Around interval 5, I ran west along Savage Road, and the sun came out and shone fully in my face, drying everything except me. I was grateful for the sunglasses (which I had been cursing just a minute before, because they were so soaked I couldn’t see through them) and tried to enjoy the run.

Later analysis shows that my first interval was fine, but my second interval was an excessive 6:49 pace, a 1:42 1/4 mile split! And then after that they steadily slid, a few seconds at a time, to 9:00 paces for the last of 8.

I don’t want to burden too little data with too much evaluation, so I think I just ran too hard early and didn’t have enough left to give as intervals 7 & 8 came up. While my 10k is this Saturday, my Speedwork Summer is just beginning, and I think training my body is going to be a great challenge. Of course, I also need to keep piling on the miles, because this interval workout represented the 400mile mark for the year for me. That means that if I stay on this course, 2011 could be an 800 mile year.

The Solstice Run this weekend is going to be fun, and I am looking at other races to sign up for. Later this year I’ll be visiting the Boston area for a college friend’s wedding, and was considering running the Providence Rock & Roll half marathon. It is the morning of the wedding, and I’d be driving to the race in the morning, and then all the way back to Boston before getting dressed up to celebrate Matt’s wedding. It’s in low lying Providence, in the heat of summer. And if I register right now, it’ll cost me $105. Steep price, lot of driving, lot of heat or humidity.

However, it’s got advantages too! I would get to run it with my mother-in-law, who’s crazily eager to have me run a race with her. It’s a R&R Half Marathon, so it’s got music every mile, a crazy cool medal with “Inaugural Providence 1/2 Marathon” on it, and it would get me one step closer to a 13.1 magnet for my car (Steph says I can’t have one until I run THREE half marathons!).

I do think I’m going to sign up for the Detroit Half in the fall. It’s right around the corner, and the ‘international run’ gimmick (the course goes over the ambassador Bridge and back in through the Detroit-Windsor tunnel) seems like a good story to tell.

I can’t seem to find a 5k I’m excited about running. I may do the Detroit Zoo again, but that’s way off in September, and I want to see if I can record a 28min 5k time long before that. But browsing for 5k’s is hard, because there are just so many! Charities, town celebrations, holidays, one through a graveyard (!?), costume ones. And I want one with chip timing and a certified course, because I go to races for the air of authority and officialness! As a novice I assumed this was completely standard, but the aforementioned graveyard run is… uncertified and I think a ‘tear tag’ system. That’s, as far as I can tell, one step above setting the course length by a guy taking 6561 steps and recording finish time by the approximate position of the sun.

On to the next one!

The one week recovery and revelling in my finish period is over.

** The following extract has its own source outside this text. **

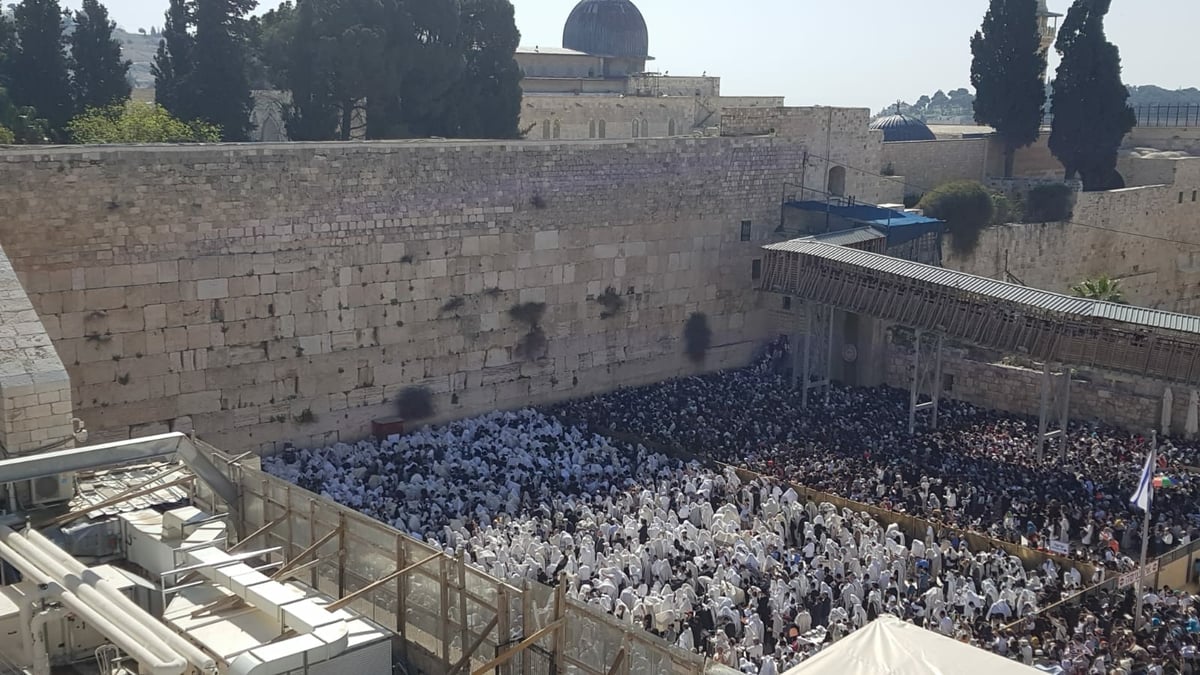 ברכת כהנים בכותל המערבי: תיעוד מרהיב מהמנוף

And though I’m still carrying around my half-marathon finisher medal, it’s time to set my eyes on the horizon!

My 10k time on the results page for the Pittsburgh Half Marathon was 1:05:05, a PR for me by over 10 minutes, so I think it’s time to get that one on the books, and blow my Detroit Turkey Trot performance out of the water. So I signed up for a 10k in Northville!

Solstice Run Logo

I’m a sucker for cute, goofy stuff, and a frantically running tiki guy on the medal sounds like something I’m in for. The timing of the race is right, long enough for me to do some speedwork and prep, but not long enough to put together WAY too complicated of a training plan. For right now, I just want to get something planned and jump right in.

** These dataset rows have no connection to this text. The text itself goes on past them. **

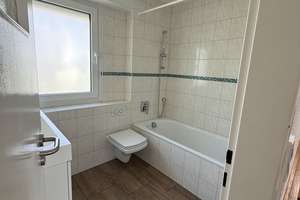 Attraktives 5-Zimmer-Reihenendhaus mit geh. Innenausstattung und EBK in Frankfurt am Main Kalbach – Im Kirschenwäldchen 63, 60437 Kalbach-Riedberg, Frankfurt am Main – Vorschaubild 14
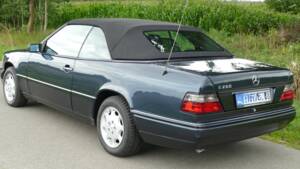 Bild 4/15 von Mercedes-Benz E 200 (1996)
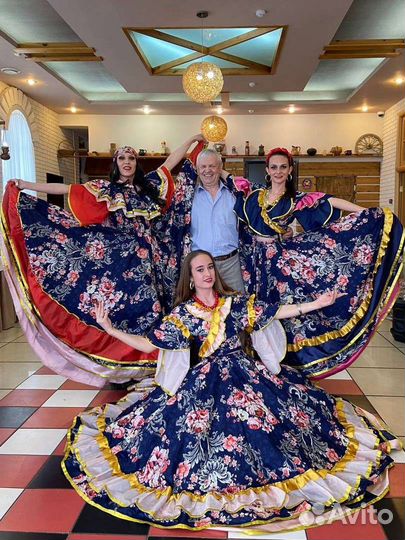 Национальные танцы. Артисты. Шоу балет. Танцоры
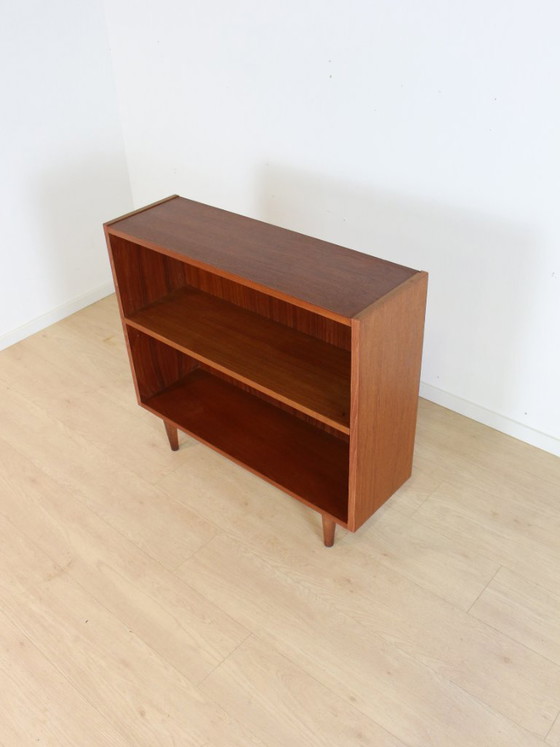 Image 1 of Kleines Bücherregal – Teakholz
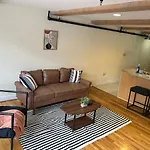 Stylish And Convenient Downtown Apartment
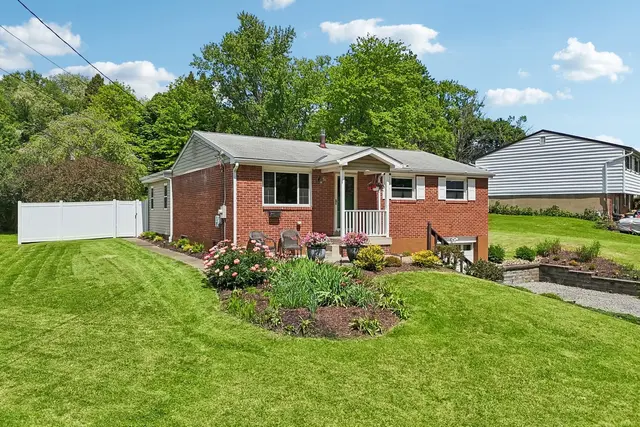 814 Dressel DRIVE gallery image 12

I’m also going to, for the first time ever, be planning more than the next race in line. Now that I know I can run the half marathon distance, I know I can run all KINDS of great races, and hopefully enjoy the “racing season” that everyone talks about existing. Specifically, I want to run 2 more half marathons this year, at least partially because Steph says I can’t have a 13.1 decal for the car until then. (What!? At that point I should get a 39.3, amirite?)